I recently visited a project that opened my eyes to how radically effective earth restoration projects can be. This was not a big UN or inter-governmental programme, but one run by a small ecovillage community with the help of a relentlessly confident and visionary man, Sepp Holzer. I had heard he was building lakes in the arid Iberian Peninsula in Portugal. I imagined that they would be reasonably impressive after the winter rains. I had even watched a webcam of the first lake filling up last year. I had no concept of the scale of the restoration work, however. Sepp and the Tamera community have literally dammed a valley and stopped the rain and topsoil rushing down the valley and into the sea.
Ever decreasing yields in this depopulated, rural region have driven poor farmers to try and extract more from the land than it is capable of bearing. Sheep are stocked at such density that the pasture is destroyed. Nature responds to the overgrazing by growing a 'scab', the inedible rock rose, Cistus spp, often the first pioneer after wildfire. 90% of the remnant cork oak forests are dying due to soil compaction that destroys soil mycorrhiza. The rest are being felled as cork falls out of favour, replaced by eucalyptus, hungry exotics in a brittle landscape. With the oaks dies a unique, biodiverse habitat and the Iberian lynx and Bonelli's eagle are threatened with extinction.
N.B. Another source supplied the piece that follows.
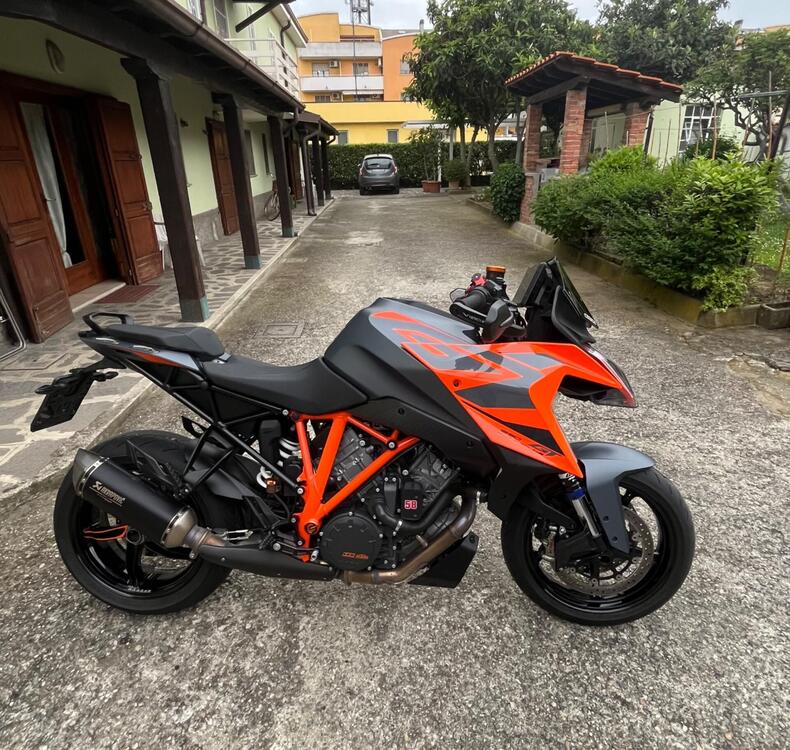 KTM 1290 Super Duke GT (2022 - 24)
Sepp and the Tamerans have reversed this process in their valley. They stopped the overgrazing and ploughing, focusing the community's food production on fruit and vegetables. There are raised beds everywhere full of annual and perennial veg. Fruit and nut trees line the banks of the lakes. The winterbourne stream is dammed and there is an interconnected system of lakes that flow into each other as the slope falls down the valley. It is almost unbelievable that in such an arid landscape, so much water can be collected. This is living water too, with rippling surfaces, filled with frogs and fish, to keep the balance between mosquitoes and humans healthy. Sepp cups his hands and tells us, "God gives us enough water. All we have to do is find a way of holding it in the landscape."
What has been achieved in just three years is astonishing. Early morning mists arise out of the lakes and leave their dew on the surrounding plants. Swallows swoop and drink. Otters have returned. New springs rise in the surrounding hillsides. The younger oaks are seeding and growing. Even a Bonelli's eagle has visited. Perhaps it will return this year with a mate. The whole landscape is being reaquified. My heart opens in the knowledge that we can restore the earth.
This story must be a part of our new narrative.